AIM OF THE TASK
Your copy must start with the line containing "adidas Ladies' 3-Stripe" and end with the last line of the entries, matching them exactly and leaving out every picture.
══════════════════════════════
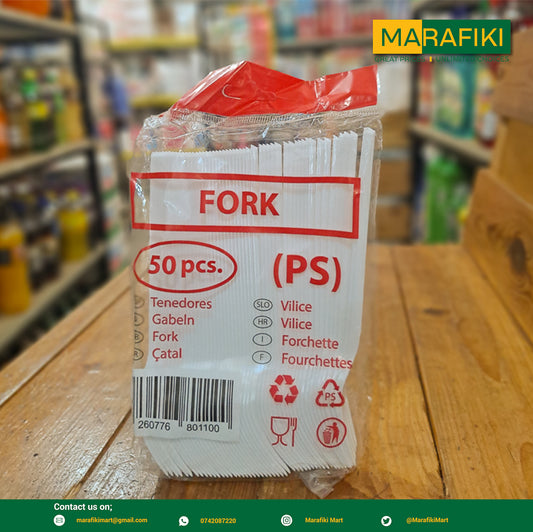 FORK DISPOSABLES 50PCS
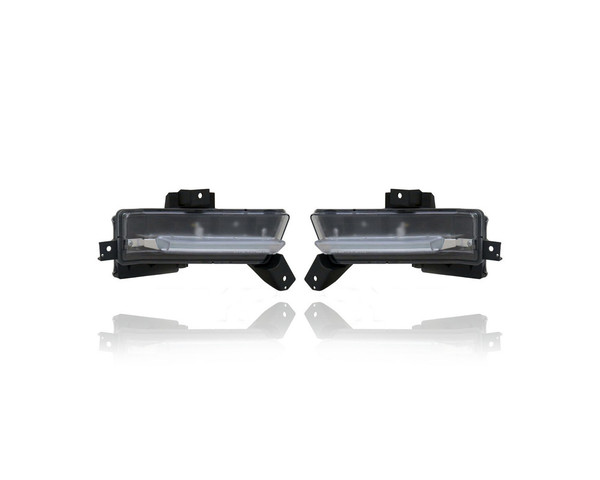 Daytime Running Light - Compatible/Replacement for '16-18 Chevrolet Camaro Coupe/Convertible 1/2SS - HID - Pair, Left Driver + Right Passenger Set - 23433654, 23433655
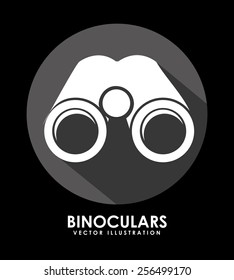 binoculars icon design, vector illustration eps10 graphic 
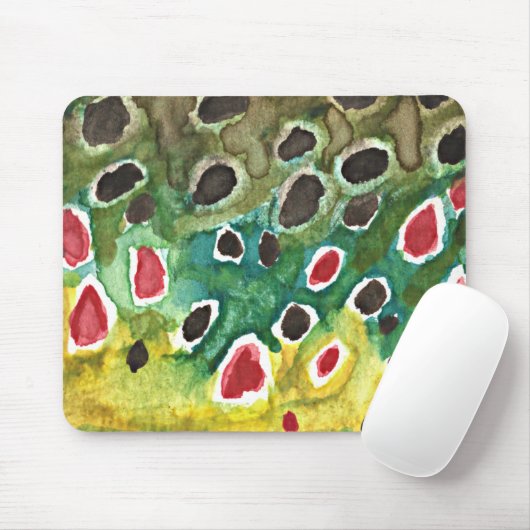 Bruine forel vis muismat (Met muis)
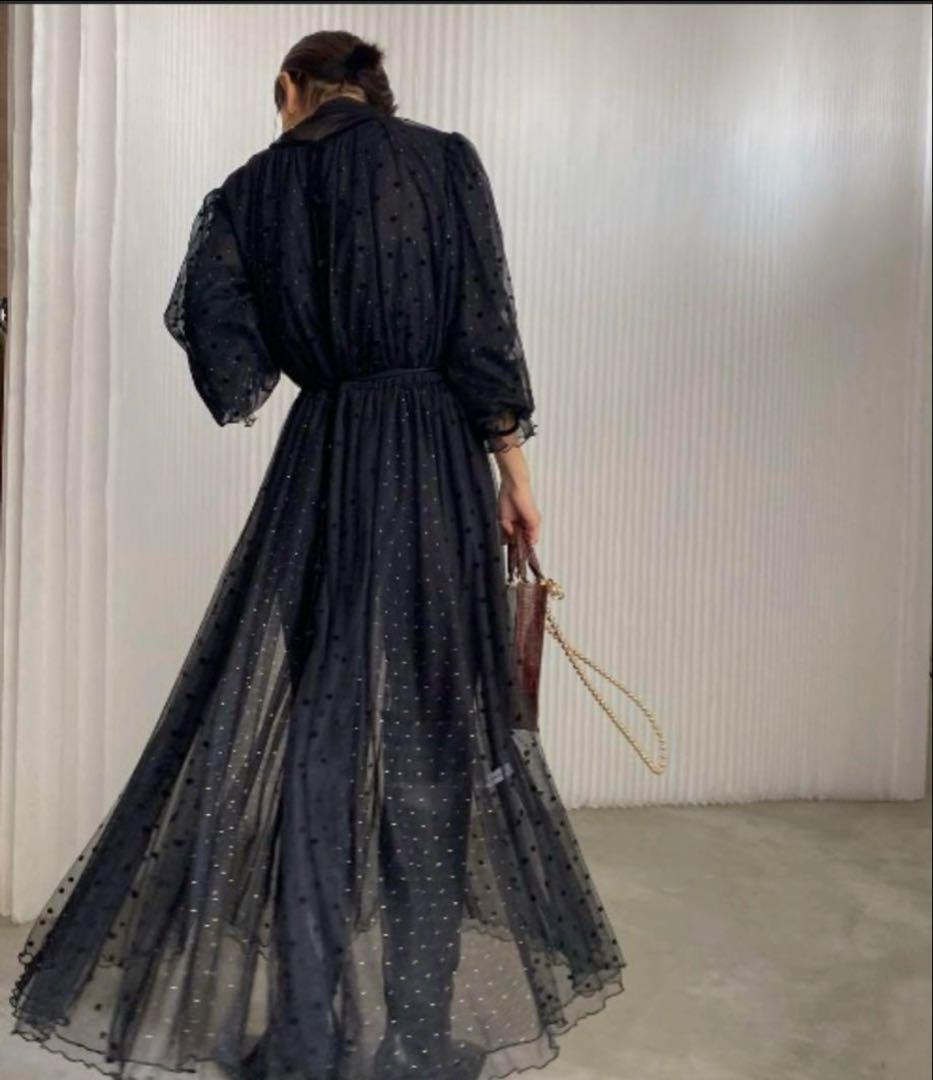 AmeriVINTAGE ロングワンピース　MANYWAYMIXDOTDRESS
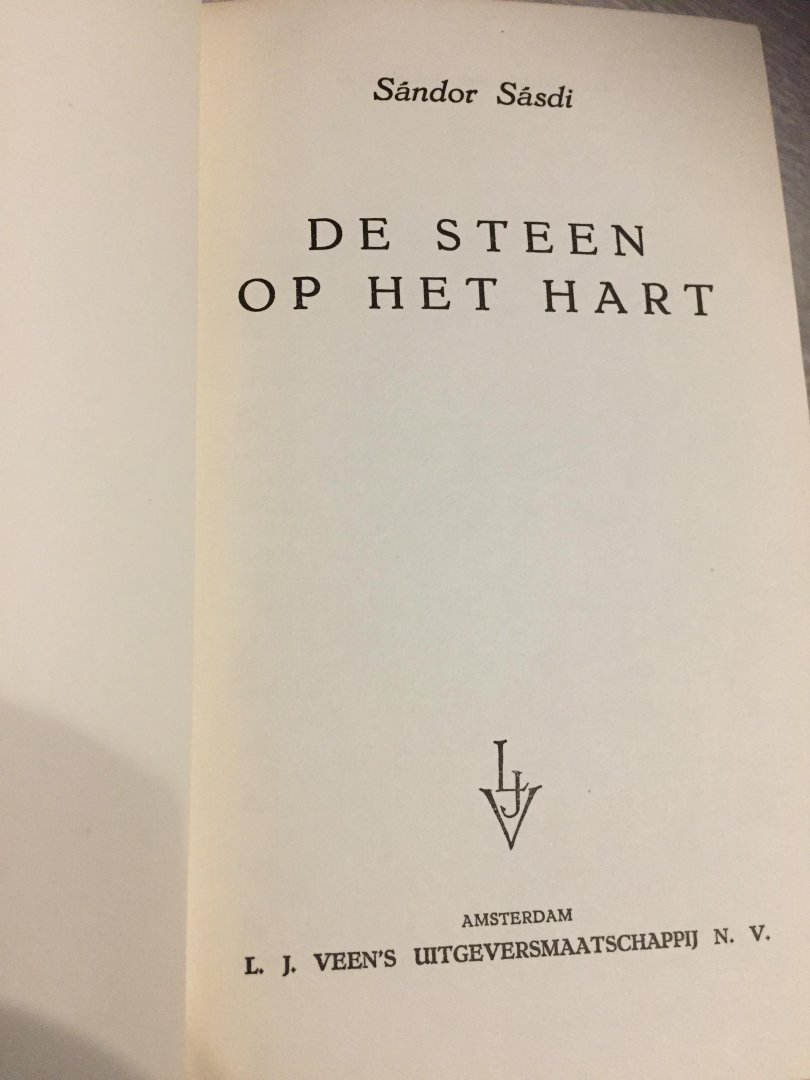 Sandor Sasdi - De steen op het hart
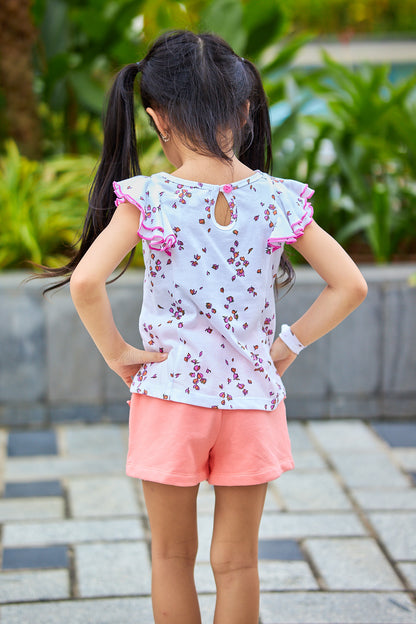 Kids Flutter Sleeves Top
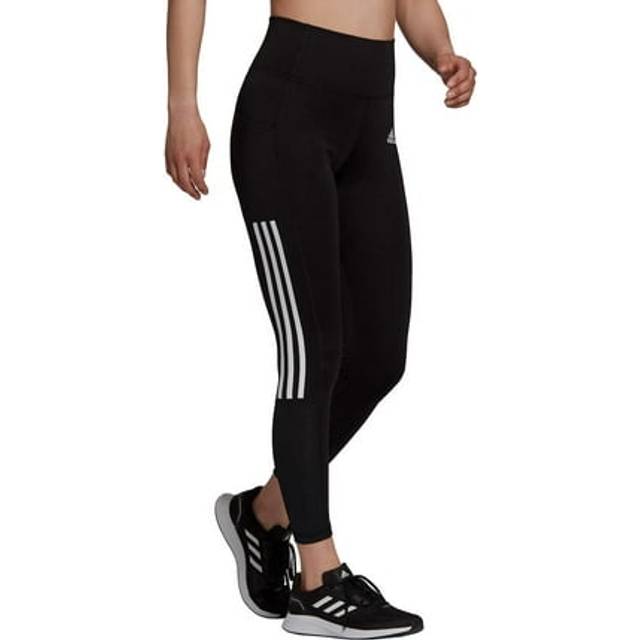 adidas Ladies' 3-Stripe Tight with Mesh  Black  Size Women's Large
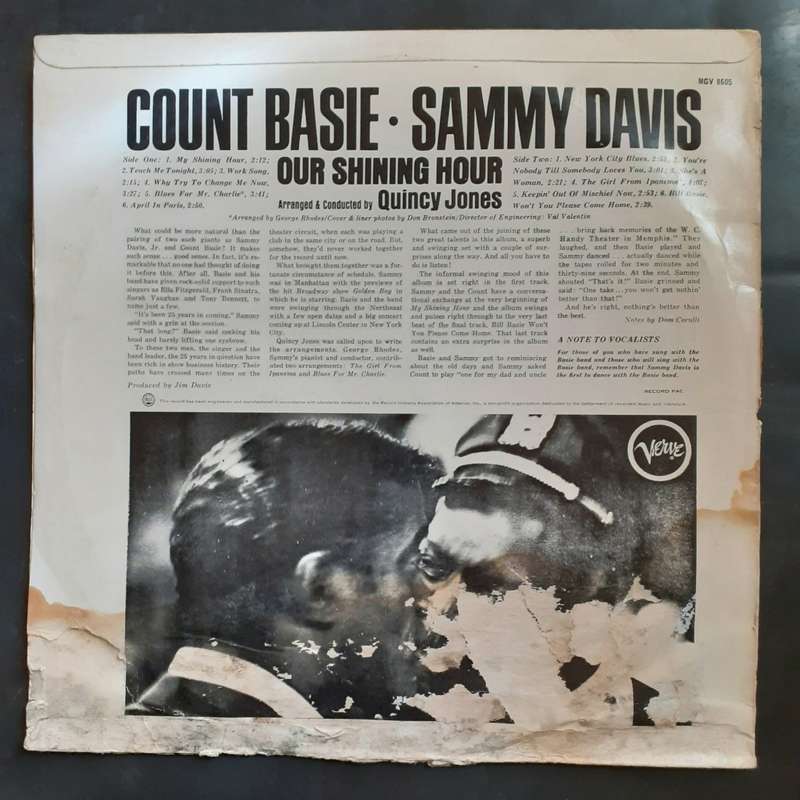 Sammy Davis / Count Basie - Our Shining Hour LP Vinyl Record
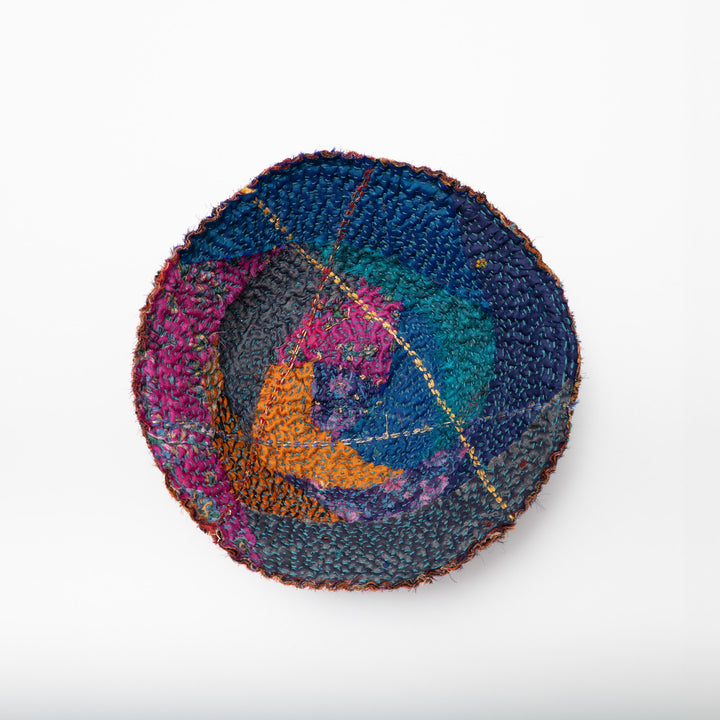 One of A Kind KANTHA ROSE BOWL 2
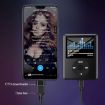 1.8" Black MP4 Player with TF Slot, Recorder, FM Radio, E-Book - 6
══════════════════════════════
SOLUTION TO THIS TASK
 adidas Ladies' 3-Stripe Tight with Mesh  Black  Size Women's Large
 Sammy Davis / Count Basie - Our Shining Hour LP Vinyl Record
 One of A Kind KANTHA ROSE BOWL 2
 1.8" Black MP4 Player with TF Slot, Recorder, FM Radio, E-Book - 6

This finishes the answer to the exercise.